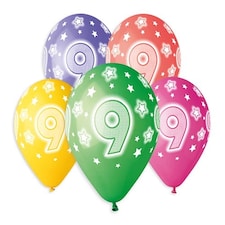 Assorted Colour Cosmic Stars Age 9 Latex Balloons 33cm / 13 in - Pack of 6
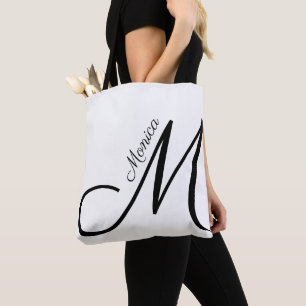 Tote Bag Lettre M - Monogramme + Nom - élégant moderne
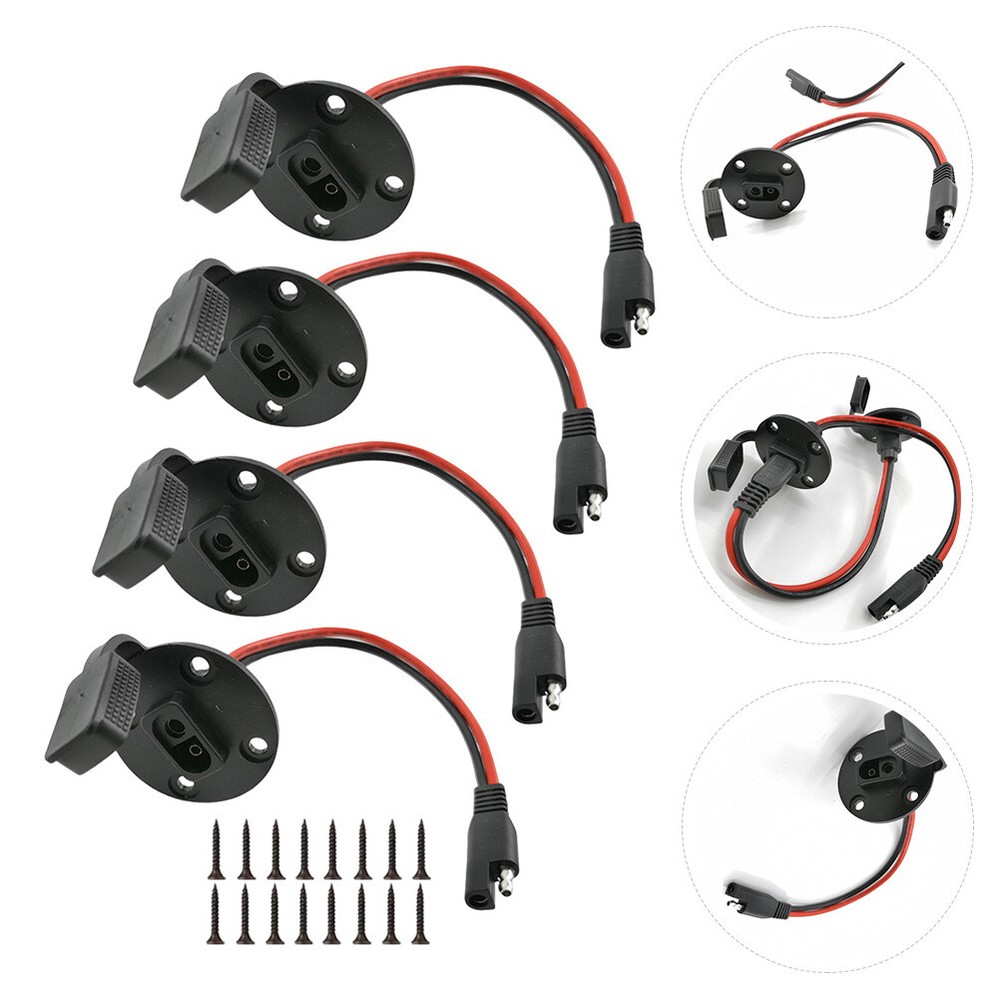 4 Sets Plug Quick-connect Terminals Sae Cable Battery Charger Connector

YOUR TASK: Each line from the one containing "Tote Bag Lettre" through the last line of the listing must be copied exactly, and the pictures must not be.

EXPECTED ANSWER:
 Tote Bag Lettre M - Monogramme + Nom - élégant moderne
 4 Sets Plug Quick-connect Terminals Sae Cable Battery Charger Connector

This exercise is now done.